The story brings to fore the numerous expectations we have from a child, who is further bogged down by as many rules and regulations. The fear of not being able to fulfil and comply is so immense, add to it peer pressure. What needs to change to make life easier?

There are systemic issues at play. An education system that judges children by their performance in a set of exams is bound to bring on unreasonable pressures. College admissions are entirely based on marks, and they disregard a student’s creativity, sensitivity, breadth of knowledge, innovativeness and extra-curricular ability. In a memorable essay, where he looks back on his childhood, George Orwell writes: “Over a period of about two years, I do not think there was ever a day when ‘the exam’, as I called it, was quite out of my waking thoughts.” In the Indian context, exams are the top priority for at least five or six years, which leads to extraordinary pressures on pre-teens and teens. There has to be some alternative to this method of grading. At a personal level, parents and teachers can alleviate some of the pressure. In the novel, a teacher recognises that Karthik is desperate to excel in mathematics because of the elevated expectations at home.
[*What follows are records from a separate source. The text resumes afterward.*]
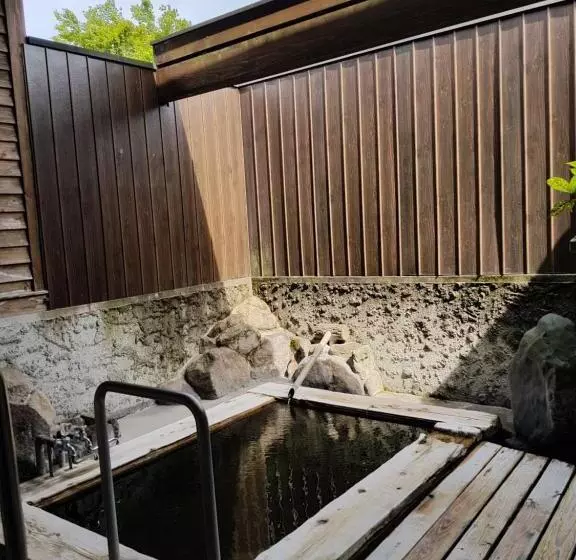 בית מלון כפרי Yufuin Onsen Hasuwa Inn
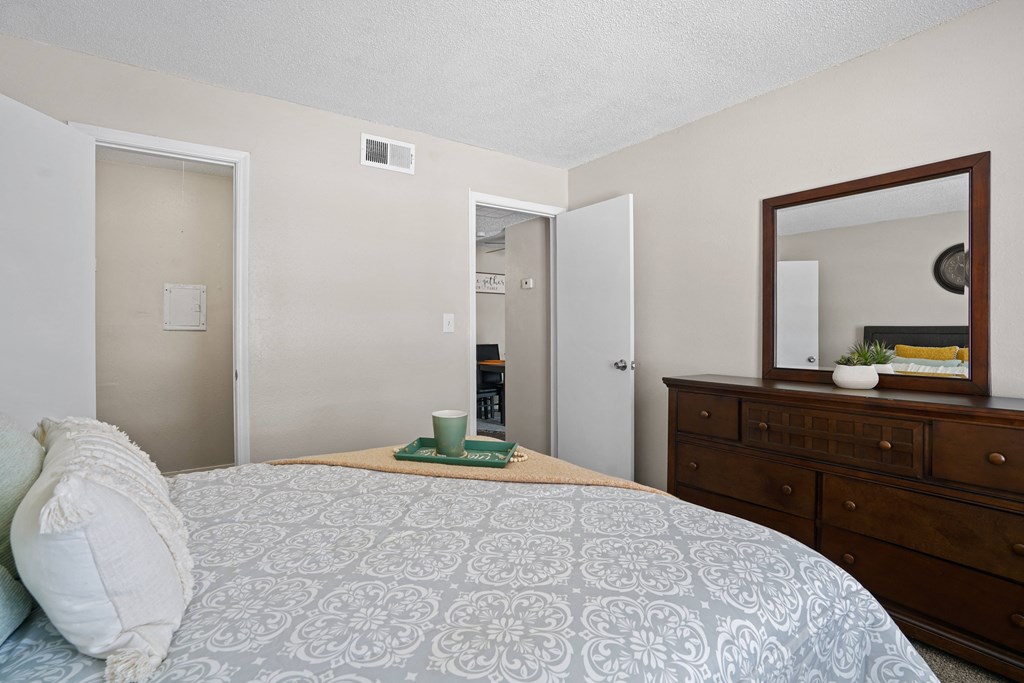 a bedroom with a bed and a dresser and a mirror
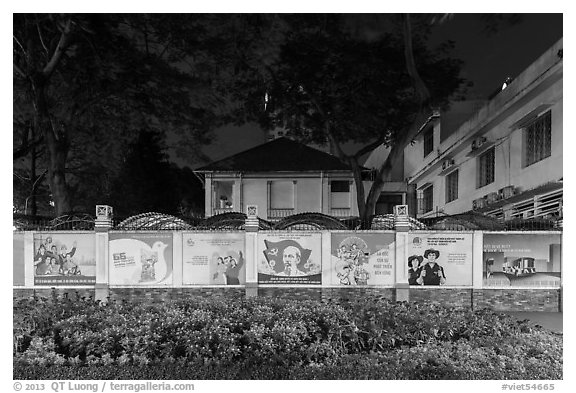 Fenced buildings with propaganda posters at night. Ho Chi Minh City, Vietnam (black and white)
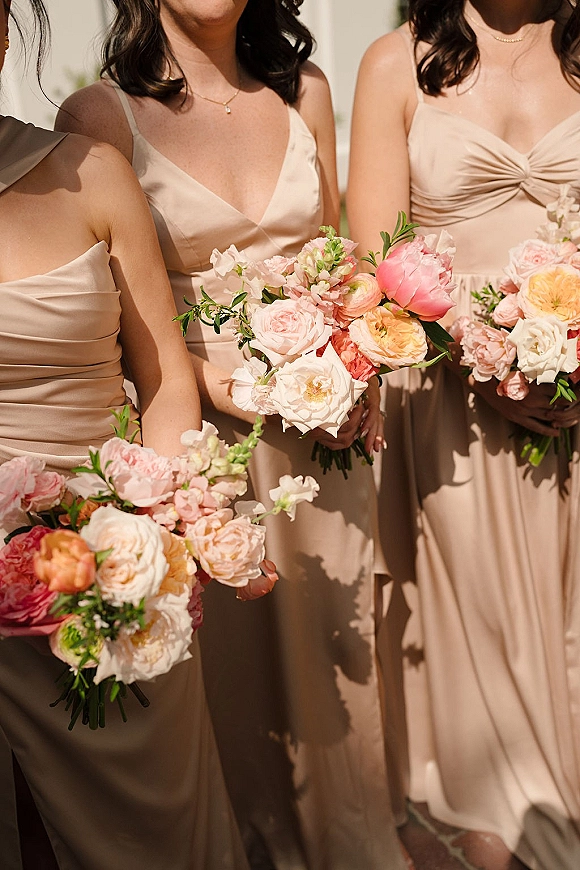 Bridesmaid bouquets with roses, peonies, and ranunculus held by women in blush bridesmaid dresses, sunlit outdoors with greenery accents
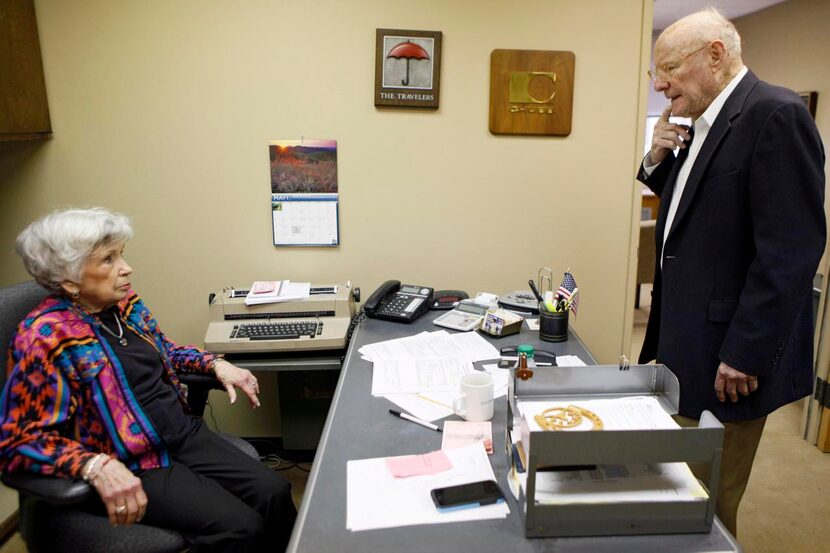 
Helen Hillbish (left) speaks with Taylor in the independent insurance agency’s downtown...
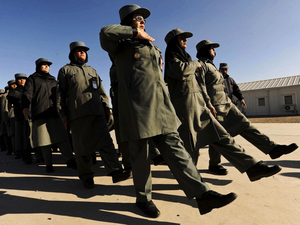 Afghan female police officers march at the Police Training Center on the outskirts of Herat province in western Afghanistan on Dec. 8. Afghan female police officers march at the Police Training Center on the outskirts of Herat province in western Afghanistan on Dec. 8.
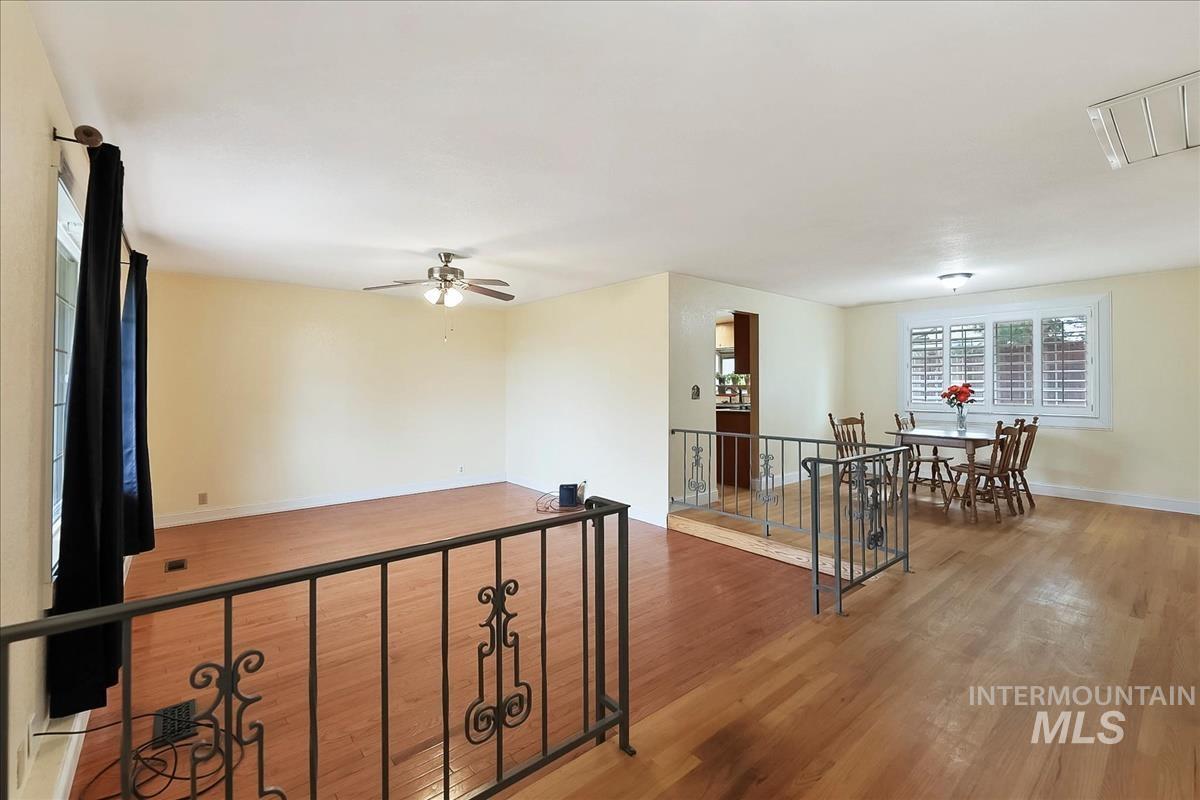 11875 West Hidden Valley Rim Road Boise, ID 83709 - Photo 16 of 36 Corridor featuring wood finished floors and baseboards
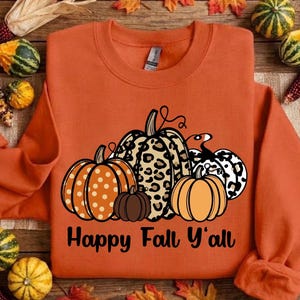 May include: An orange crewneck sweatshirt featuring a graphic of four pumpkins with varying patterns, including polka dots and leopard print, alongside the black text "Happy Fall Y'all" printed across the center of the garment.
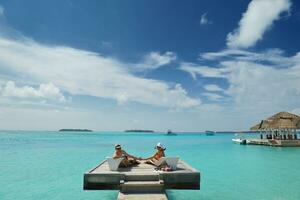 happy young couple have fun on beach photo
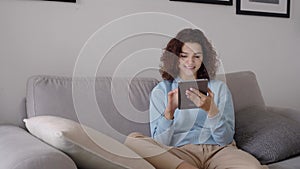 Happy hispanic teen girl using digital tablet sitting on couch at home.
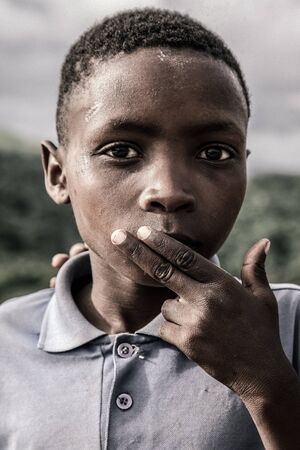 SOUTH AFRICA,COFFEE BAY, JANUARY 13 portrait on a Kids of A tribe village smiling to the camera with his finger on his month, near to Oribi Gorge Nature Reserve, January 13, 2007, South Africaのeditorial素材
She counsels him and offers valuable tips for his assignments. Often, it takes just one empathetic person to turn a child’s life around.

Many expected your first novel to be about cricket, though this one has the sport as a supporting character. Is a cricket novel on your mind or in works?

This book could have turned into a cricket novel but I decided to highlight other episodes and themes too. And I kept the cricket bits to a chapter or two. I would love to write a cricket novel at some point but, like Karthik, it will first need a character to grip me. Maybe the adult Karthik will tell that story at some point.